When events pick up pace in particular scenes - fights, chases, even driving - the game flies closer to the dreaded "quick-time event", prompting you to react quickly as the characters are being forced to do likewise, but rather than warranting criticism this is consistent with Heavy Rain's goals: unpredictable events should have uncertain outcomes, while scenes in which characters have time to think should allow for thinking time. The reaction-based situations might still appear harsh, however, were it not for the way the game treats failure: missing a prompt may mean you see different events that lead to the same outcome, or the outcome may change, but the game won't be over, and the story it continues to tell will be no less interesting or affecting.
Games that encourage personal alignment usually do so very overtly, with meters and rewards and Dark Side points, and those who feel this approach actually discourages individuality - setting players on a path they worry about losing out if they stray from - will also enjoy the way that Heavy Rain reduces your current "status" to a footnote through the strength of its narrative and diversity of outcomes.
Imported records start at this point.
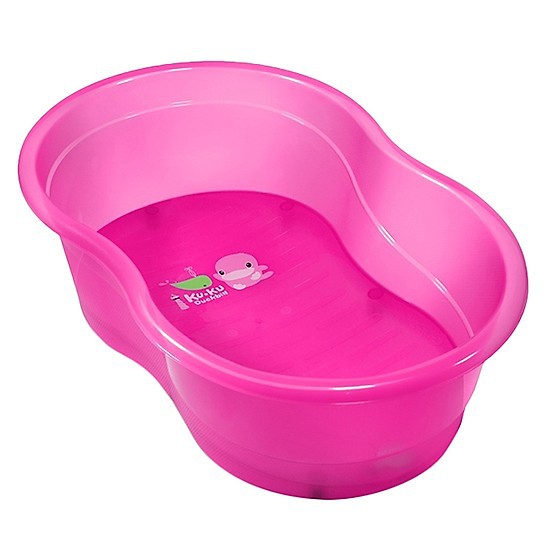 THAU CHẬU TẮM KUKU KUKU - KU1112 (HỒNG) XẢ KHO CẮT LỖ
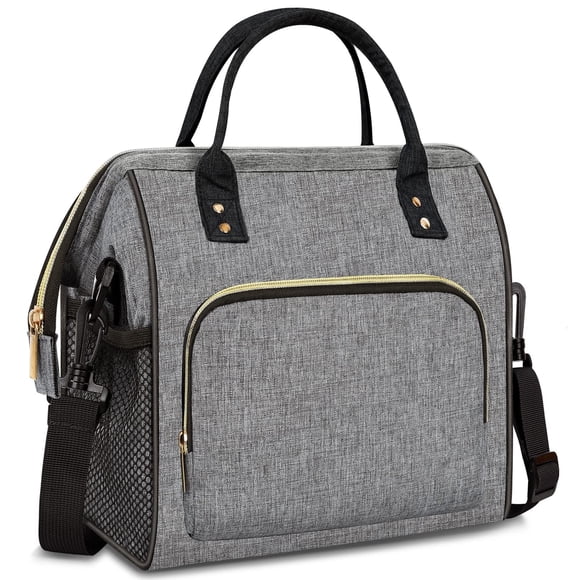 ideaTech Boîte à Lunch pour Femmes, Sac à Lunch Isolé pour Hommes, Grand Sac Fourre-Tout Réutilisable, Sacs à Lunch Étanches pour le Travail, Sacs à Lunch Réutilisables Mignons, Boîte à Lunch pour Bureau Pique-Nique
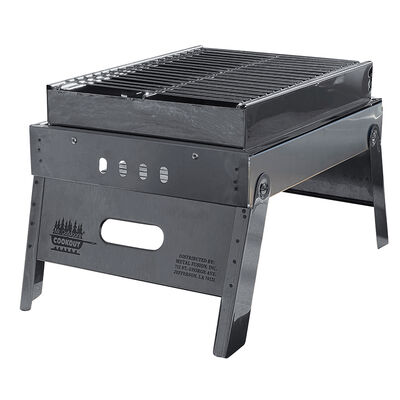 Mr. Outdoors Cookout Stainless Steel Portable Charcoal Grill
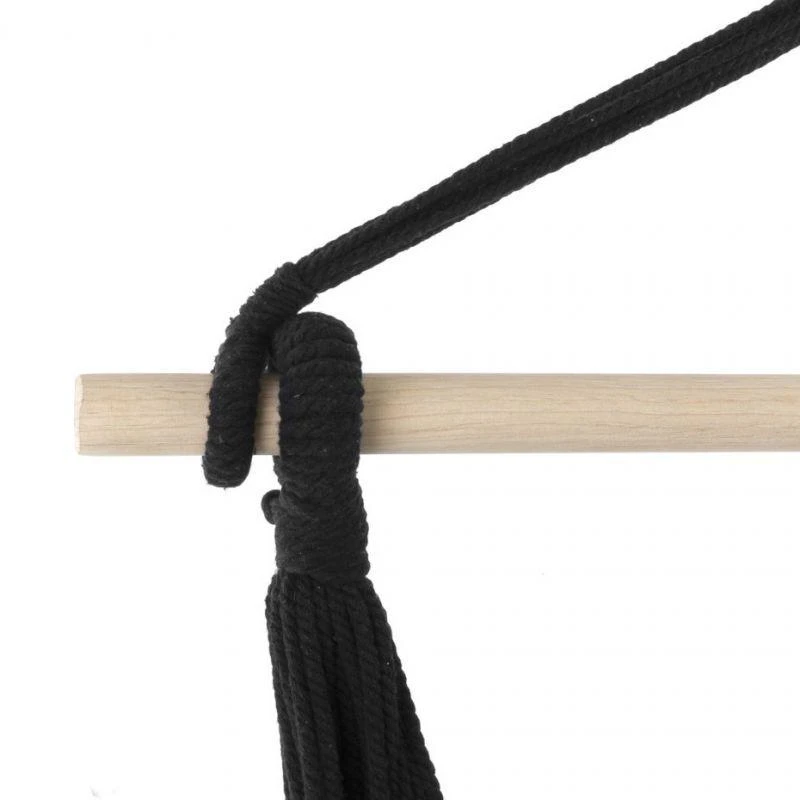 Hamakas/sėdynė Spokey BENCH ETNO, juoda balta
The differences are subtle, and the game's anticipation and interpretation of your actions is intelligent: you can lose a mock lightsaber fight with your kids and they love you more, and you can reject someone's advances in a way that strengthens the bond you share.
Director David Cage has tried to distance Heavy Rain from Fahrenheit - a game that struggled to keep its narrative feet on the ground, bouncing through multiple conspiracies until it could be difficult to recall what was going on - but while Heavy Rain is grounded and lean by comparison, Cage's interest in the mental state of its protagonists persists with mixed results. Holding one of the triggers presents a swirl of the current character's thoughts and allows you to listen to one, but the game is arguably more mysterious and attractive, and no less playable, if you ignore this. Consider it a hint system, perhaps.
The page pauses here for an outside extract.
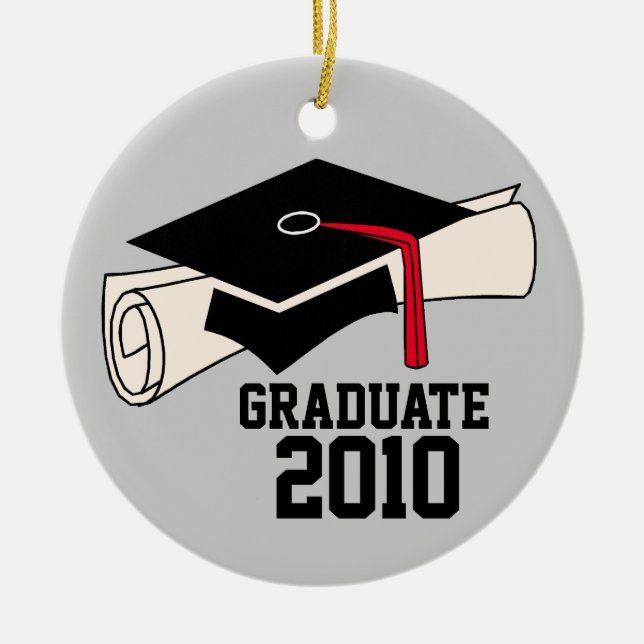 Enfeites de natal de Graduação Personalizável (Frente)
Other ideas, built around Ethan Mars' fear of being in crowds and the after-effects of his head injury, are more successful, while Norman Jayden's battle with addiction to fictional drug Triptocaine proves a useful plot device on a couple of occasions, as well as an interesting way of shifting the narrative sands beneath events in his life. Heavy Rain also deals with psychological trauma during formative years, and while the outcome of that particular thread is a touch simplistic, it pays off.
Elsewhere though there is evidence of actors speaking in their second language from time to time, while clichés in dialogue are never too far away, and a few scenes designed to deliver vital clues to certain members of the cast perhaps try a little hard to justify themselves. Paige and Jayden's respective self-contained encounters with a former doctor and a dodgy junkyard owner are tense and exciting, but their villains are transparently evil in a way that stands out against the subtlety evident in other areas. Meanwhile, a few of the more domestic scenes have the opposite problem, offering only menial tasks to perform while the story develops around them.